No canal dois da televisão pública, houve há tempos um programa sobre Sophia em que muito dela se disse e dos seus poemas, e se recitaram alguns. Sobremaneira relevante foi o testemunho que uma sua filha deu, falando de Sophia e dos seus poemas. Neles, “com substantivos concretos” como a própria diz, Sophia canta o espanto pela sua descoberta das realidades do mundo. Note-se aqui, entre parêntesis, que foi também o espanto pela descoberta das realidades do mundo que deu origem ao pensamento ocidental e à própria Europa que ainda somos. E não é portanto por acaso que Sophia sente tanta atracção pela beleza e pela bondade desse mundo antigo.

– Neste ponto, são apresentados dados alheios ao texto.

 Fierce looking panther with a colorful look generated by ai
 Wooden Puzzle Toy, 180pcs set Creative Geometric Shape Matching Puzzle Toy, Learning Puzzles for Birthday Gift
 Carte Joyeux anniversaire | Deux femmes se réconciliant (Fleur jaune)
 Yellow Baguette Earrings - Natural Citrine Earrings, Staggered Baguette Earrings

Sophia canta o espanto pela descoberta das realidades do mundo, mas com “substantivos concretos” e sempre com palavras simples. Sua própria mãe, no limiar do gracejo, costumava dizer-lhe: “Ó filha, tu és tão simples que ninguém te entende!”

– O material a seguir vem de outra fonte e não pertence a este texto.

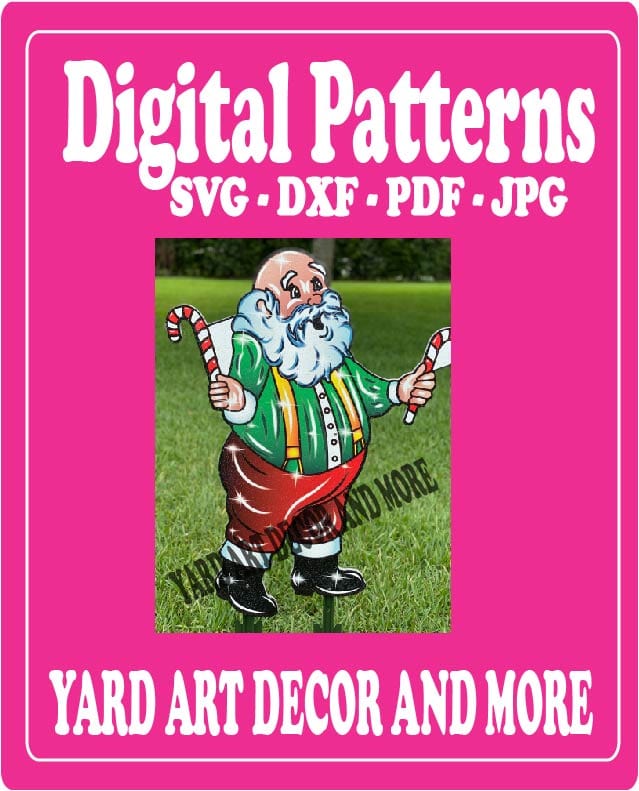 Christmas Santa Candy Canes Yard Art Digital Template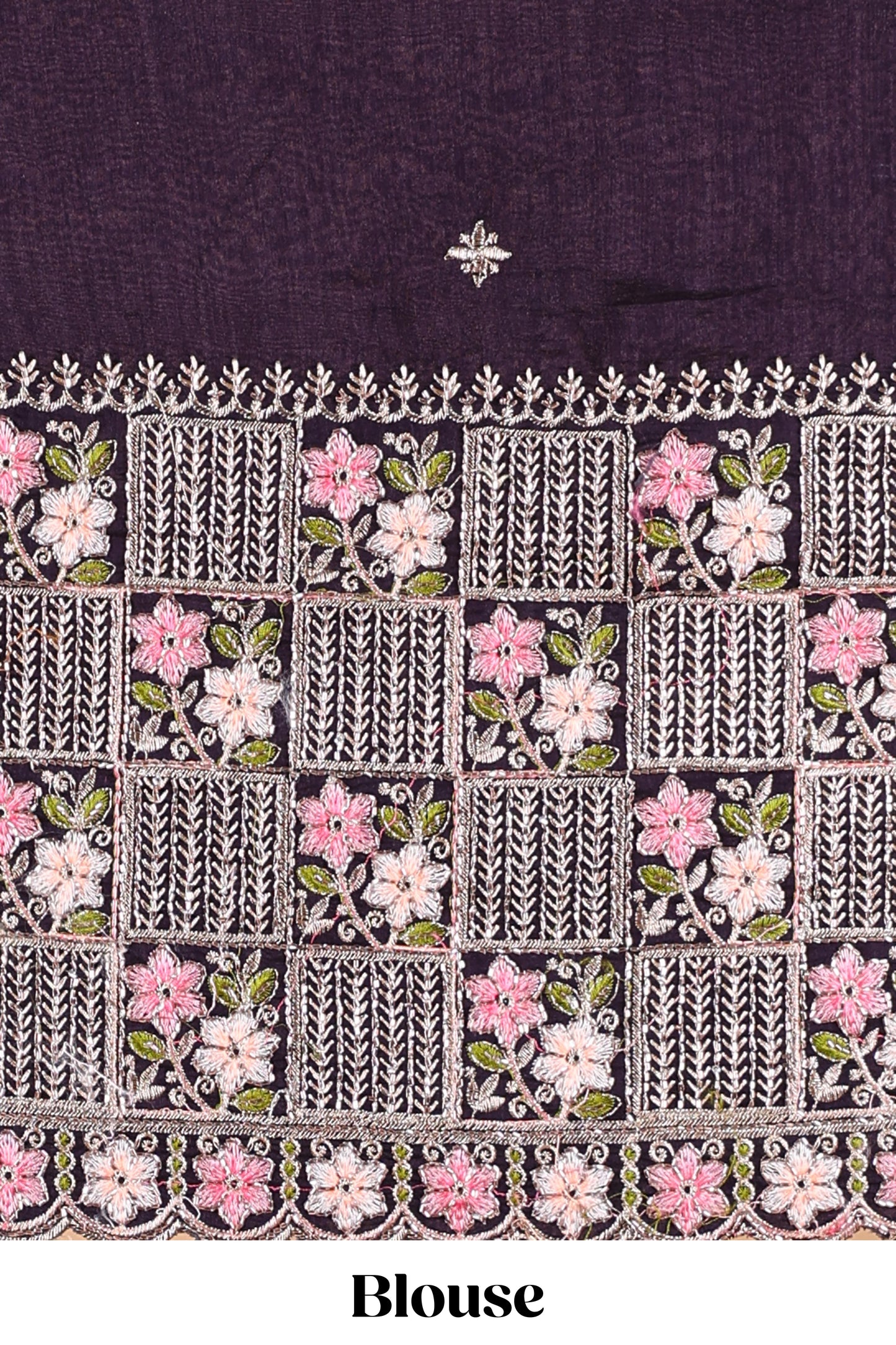 Lavender designer georgette space silk saree with heavy stone & beads work, short pallu and contrast sequin embroidered blouse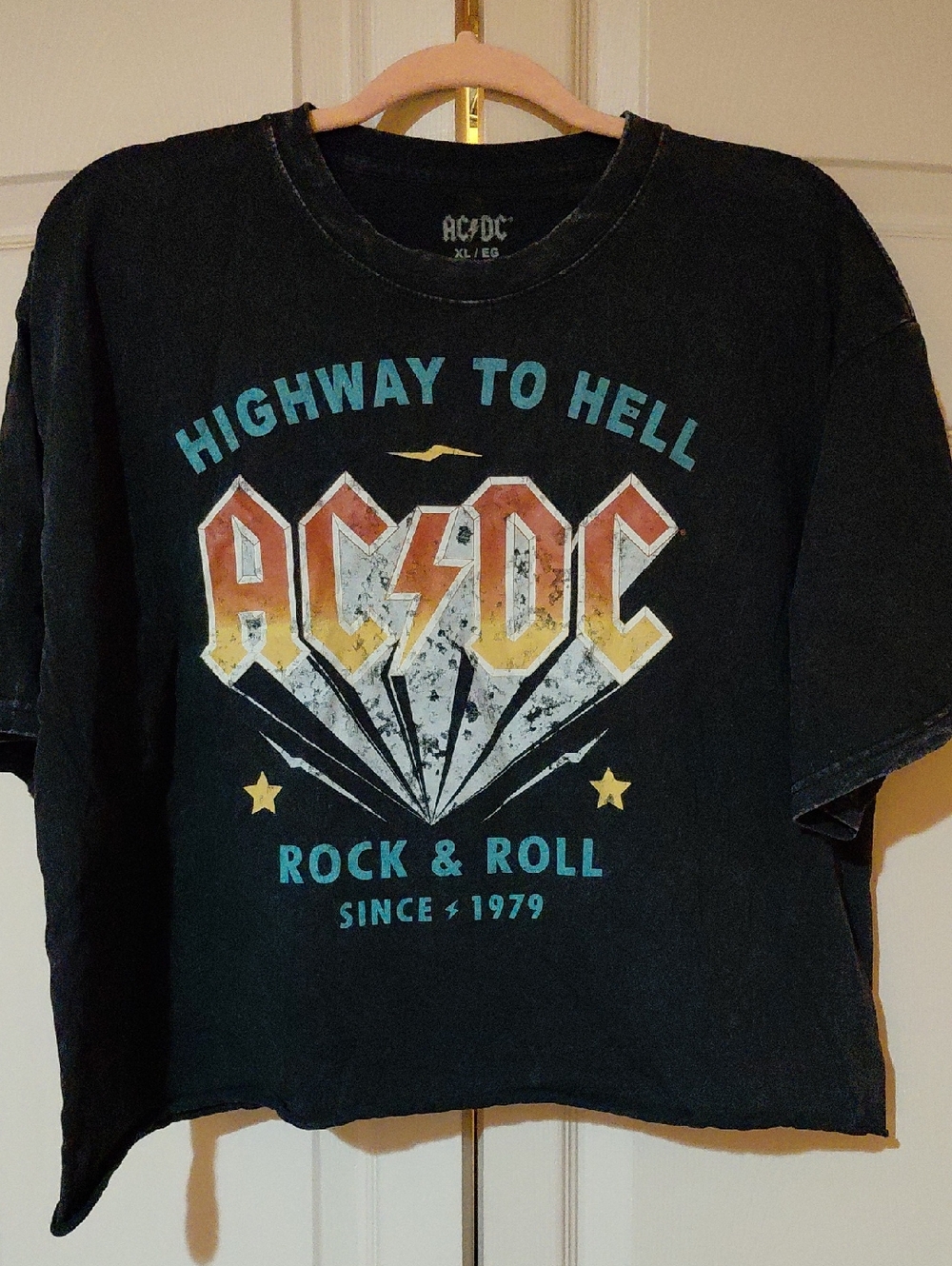AC/DC Black Women's Highway to Hell Graphic Tee with Multicolor Print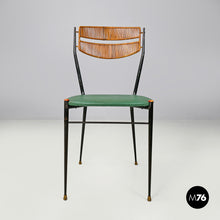 将图片加载到图库查看器,Chairs in rattan and green faux leather, 1960s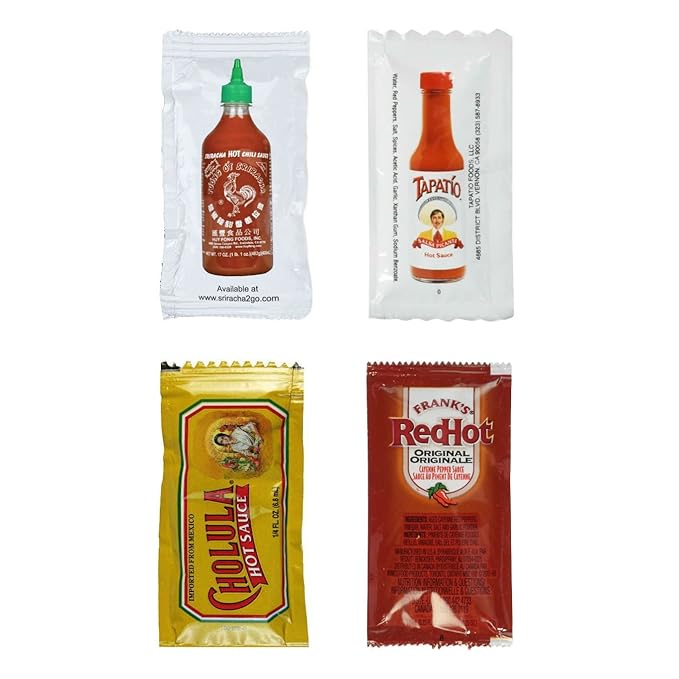 SauceToGo Bundle 25 Packets Each of Tapatio, Cholula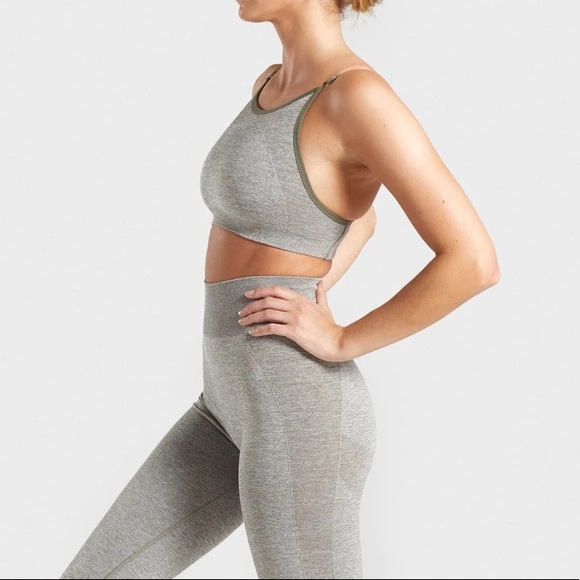 Flex Strappy Sports Bra in Khaki Marl/Taupe - Picture 7 of 7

Segundo diz a filha de Sophia, o livro de poemas intitulado “Navegações” nada tem a ver com as nossas descobertas marítimas. Elas são, sim, a admirável, a fascinante descoberta do mundo original, inocente, mundo de antes destas tantas e tão severas fracturas que nele nós fomos impondo. Ela parte do real mundo de coisas e palavras que a todos aparecem, mas depois, com o seu poder demiúrgico, ela transfigura essas palavras e esse mundo real, àquelas dando conotações originais, e a este dando a sua inocência original, boa e bela.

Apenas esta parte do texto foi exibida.